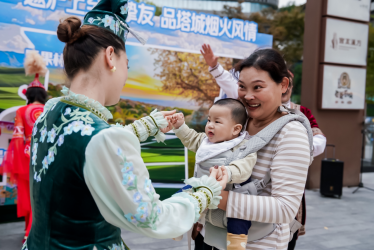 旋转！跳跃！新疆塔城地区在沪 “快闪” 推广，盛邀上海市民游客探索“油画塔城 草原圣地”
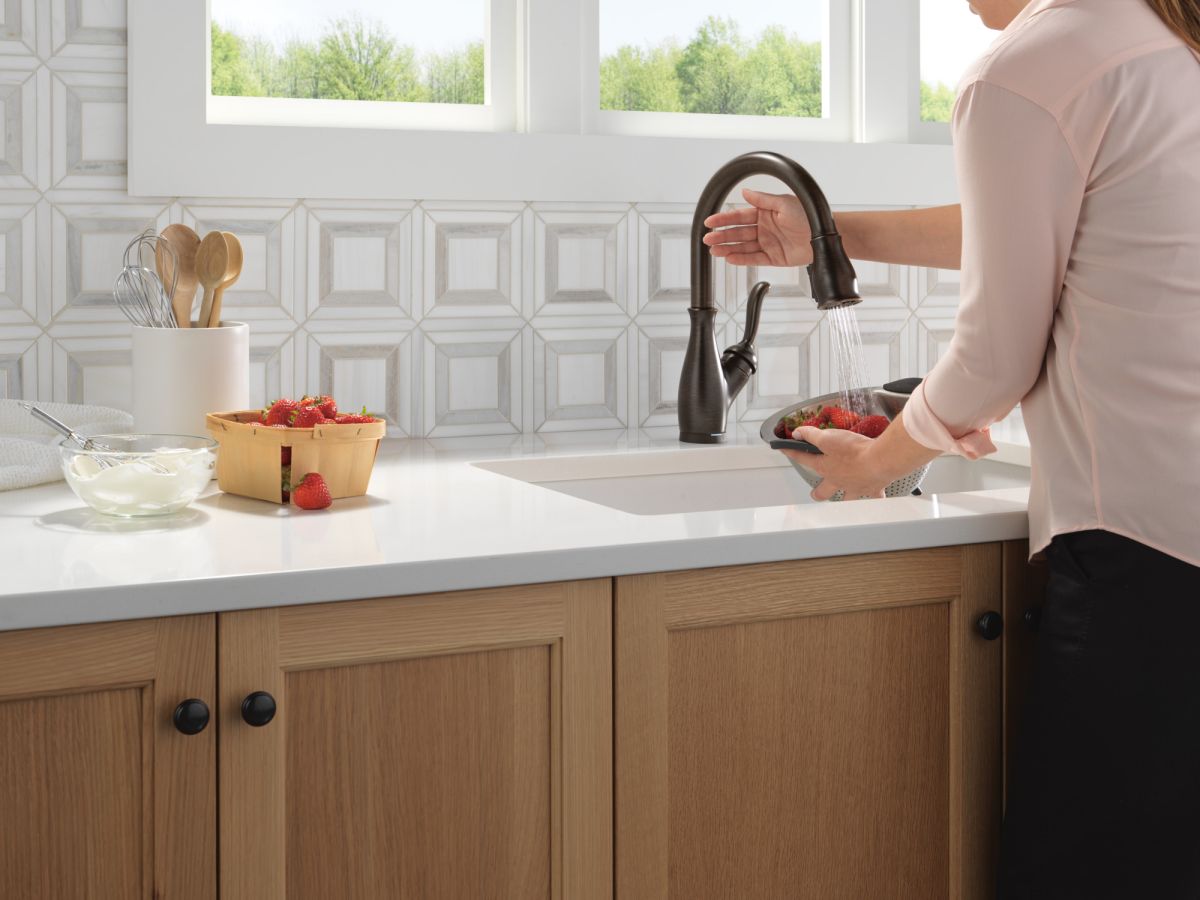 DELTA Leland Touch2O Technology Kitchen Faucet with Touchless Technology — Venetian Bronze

---

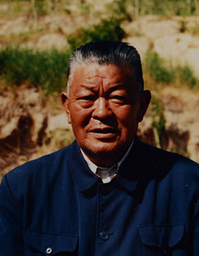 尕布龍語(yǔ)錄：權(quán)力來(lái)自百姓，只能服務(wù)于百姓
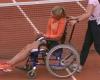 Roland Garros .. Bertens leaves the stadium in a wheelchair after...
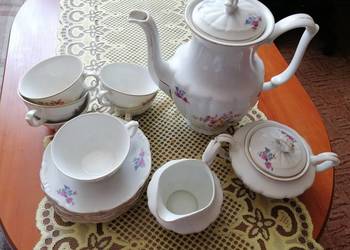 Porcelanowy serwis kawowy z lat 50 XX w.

» **What to produce**:
Return, exactly as they stand, the lines above from the one with "尕布龍語(yǔ)錄：權(qu" to the one with "Porcelanowy serwis kawowy z lat 50 XX w.", omitting any pictures among them.

» **Completed exercise**:
 尕布龍語(yǔ)錄：權(quán)力來(lái)自百姓，只能服務(wù)于百姓
 Roland Garros .. Bertens leaves the stadium in a wheelchair after...
 Porcelanowy serwis kawowy z lat 50 XX w.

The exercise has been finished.